With over 100,000 SAR documents in PDF format, our client faced significant difficulty analyzing and querying these reports. They needed an effective solution that would allow them to extract valuable data for compliance purposes.
The Solution
Cavallo Technologies developed a custom SAR parsing tool capable of handling the complex, unstructured nature of the documents. The tool uses a combination of techniques, including:
- Static and Dynamic Fields Extraction: We leveraged predefined coordinates for fixed-position data, while a keyword-based search identified dynamically changing sections.
- Extracting Static Information: We developed methods to extract values from checkboxes and other graphical elements.
- Fast Processing: Each SAR document is processed in under 1.5 seconds, enabling the client to scale their operations and ensure timely analysis of critical compliance data.

Development and Validation
The process began by identifying and mapping the various sections within each SAR document. Our approach included:
- Section Recognition: We identified the different sections of the report and mapped them to specific pages. For repeating sections, the system consolidated page numbers to maintain accuracy.
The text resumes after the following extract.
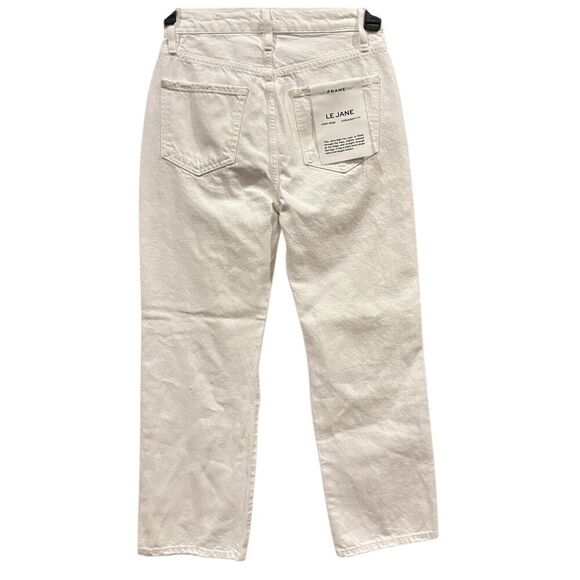 Frame Le Jane High Rise Straight Fit Jean in Cream NWT Size 24 - Picture 4 of 8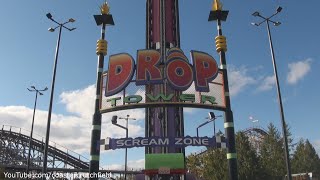 Drop Tower Scream Zone HD POV Canadas Wonderland [upl. by Rebmac]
- Static Information Extraction: For fields that appear in fixed positions (like checkboxes), we defined coordinate points for efficient data extraction.
- Dynamic Fields Handling: Sections with varying content lengths were managed using keyword searches and offset coordinates, ensuring the system could extract relevant information regardless of its location.
- Narrative Section Extraction: The narrative section, which spans multiple pages, was handled by extracting and combining text in a seamless manner.
To ensure the highest level of accuracy, we ran multiple rounds of validation using both synthetic and real SAR data. We worked closely with both the technical team and business stakeholders to review and validate over 100 reports, achieving 100% extraction accuracy.
The outcome
Efficiency at Scale
- The solution enabled the client to process thousands of SAR documents programmatically, eliminating the need for manual intervention.
- Parsing logic is optimized for speed, handling each document in less than 1.5 seconds.
Accuracy in Data Extraction
- By combining text extraction with image processing for non-text elements like checkboxes, the tool ensures comprehensive data capture.
- We validated the results manually on 100+ documents and found the extraction to be 100% accurate.
Compliance and Security
- The solution adheres to strict security frameworks (e.g., Databricks AI Security Framework) and does not employ probabilistic models, ensuring no AI-related risks.
The Result
Our client now has a fully automated SAR parsing system that processes thousands of reports with unmatched accuracy and speed. This solution has unlocked critical compliance data, enabling the client to efficiently meet regulatory requirements while freeing up valuable resources that were previously tied up in manual processes.